欧州の投資家は、ポートフォリオの環境・社会・ガバナンス(ESG)に関する信頼性を確認するために新たに策定された規則を理解することに苦しんでいる。規制のガイドラインが曖昧なため、資産運用会社は、自社の商品がサステナブル投資の分類にどう適合するかを示す明確なフレームワークを提示しなくてはならない。
 
欧州連合(EU)のサステナブルファイナンス開示規則(SFDR)は、投資ポートフォリオを第8条または第9条の商品に分類することで、それらのESGに関する透明性の改善を目指している。しかしながら、第8条と第9条の定義は非常に広範にわたっている。2023年1月にSFDRのレベル2要件が発効すれば、企業はポートフォリオがこれらのカテゴリーに合致していることを詳細に説明する必要が生じる。開示内容を読み解くためには、投資家は3つの問題に焦点を当てる必要がある。それらは、ESGリサーチがどのように投資プロセスに組み込まれているか、発行体とどんなエンゲージメント活動が行われているか、ポートフォリオを分類する上で明確な手法が取り入れられているかどうか、といった点である。
 

全体像を把握するには統合されたESGリサーチが必要

SFDRでは、第8条に分類されたポートフォリオについて、「投資先の企業が良好なガバナンス慣行に従っている場合は、環境、社会的特性、またはそれらの特性の組み合わせ」を促進する必要があると定めている。しかし、それは実際に何を意味するのだろうか?
 
投資家が企業の行動や潜在的なリスク/リターンを評価するためには、ESGに関する問題を、単に議決権を行使するだけでなく、また、ESG専門チームで精査するだけでなく、企業価値算定の責任を持つアナリストによるファンダメンタル・リサーチに組み入れなくてはならないとアライアンス・バーンスタイン(以下、「AB」)では考える。
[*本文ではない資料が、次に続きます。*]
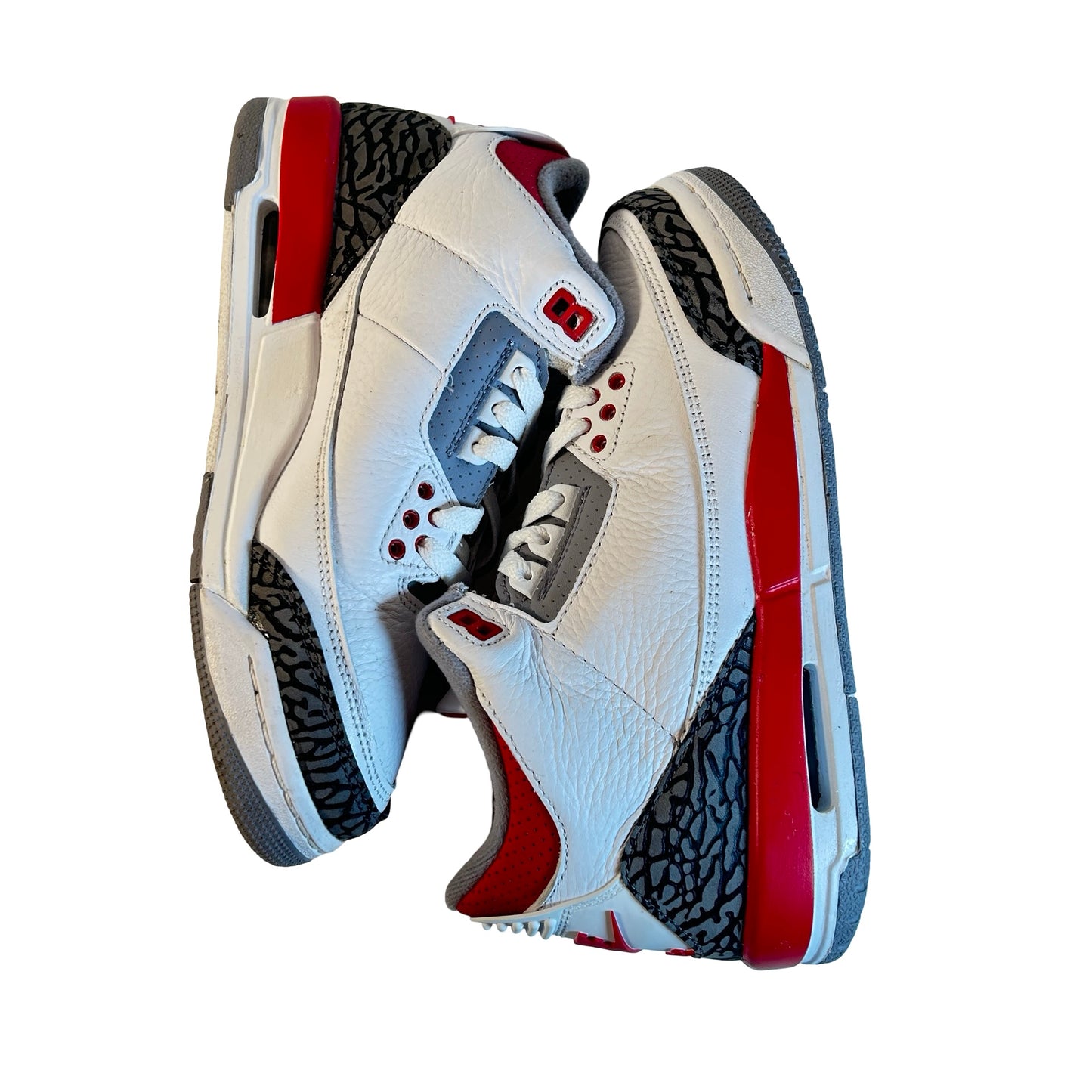 DM0967 160 Jordan 3 Retro Fire Red (2022) (GS) [USED] - 7 Y (Used5)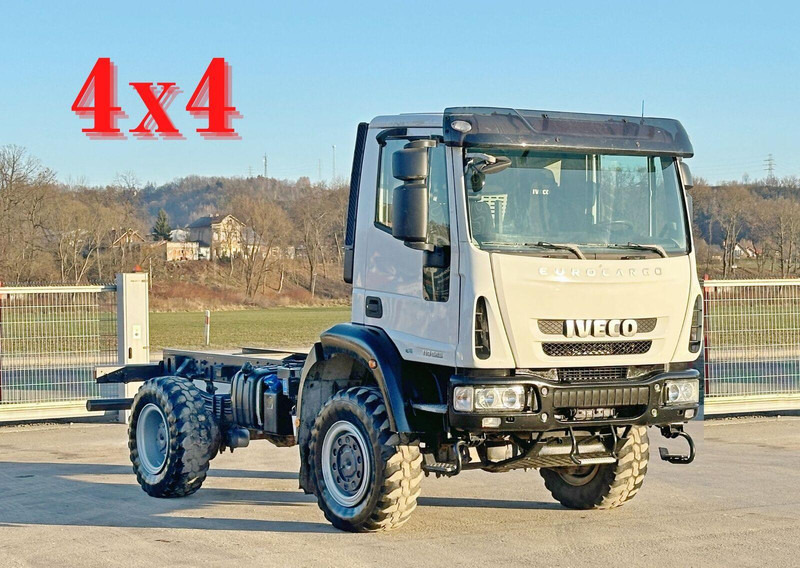 Iveco EUROCARGO 110-250* PLATFORM 4,60 m* 4x4 - Camião chassi: foto 1 Iveco EUROCARGO 110-250* PLATFORM 4,60 m* 4x4 - Camião chassi: foto 1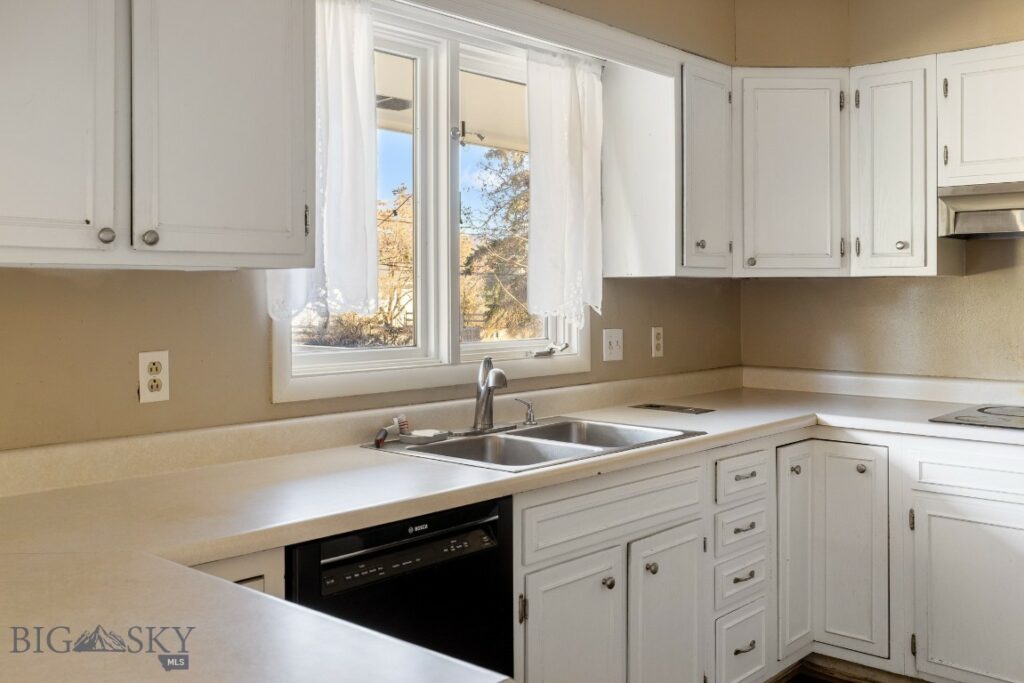 306 S 14th Avenue, Bozeman MT 59715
企業のビジネスや財務に焦点を当てているファンダメンタル・アナリストは、非財務情報を含むESGの問題が企業の将来にどんな影響を及ぼし、企業が好ましい変化を推進するためにどう進化しているか(またはしていないか)について、財務情報に落とし込む上で、最も適切にESGに関する問題を判断することができる。
 
企業は気候変動がもたらすどんな脅威に直面しているのだろうか?または企業が気候変動及び生態系にどんな影響を及ぼしているだろうか?企業文化、ビジネスモデルは、社会的な問題を解決するようなイノベーションや、環境保護、経済的な成長を後押ししているだろうか?取締役会の構成は、本業執行を監視するのにもっとも適した構成になっているか?企業に精通したアナリストは、ESG等において適切な質問を投げかけ、企業価値向上に資する意義ある議論を経営陣と行っているかが重要である。
 
いくつかの運用会社は、外部機関のESG格付けを用いて企業を評価している。だが、それらは全体像を捉えていない可能性がある。ESG格付けは「解」ではない。格付けは多くの場合、企業が良い方向に変化しているかどうかではなく、企業の過去の行動を反映している。格付けを投資家にとって役立つものにするには、情報に裏付けされた人間の判断や解釈を取り入れた「フォーワードルッキング」なESG分析が必要となる。
 
第8条のポートフォリオを評価する際には、企業を評価する上で主に外部機関のデータに依存しているかどうかを確認しなくてはならない。アナリストがESGの問題に取り組むためのトレーニングを受けているかどうかも確認する必要がある。さらに、どのようにESGリサーチを分析しているか運用チームに説明を求めることが重要である。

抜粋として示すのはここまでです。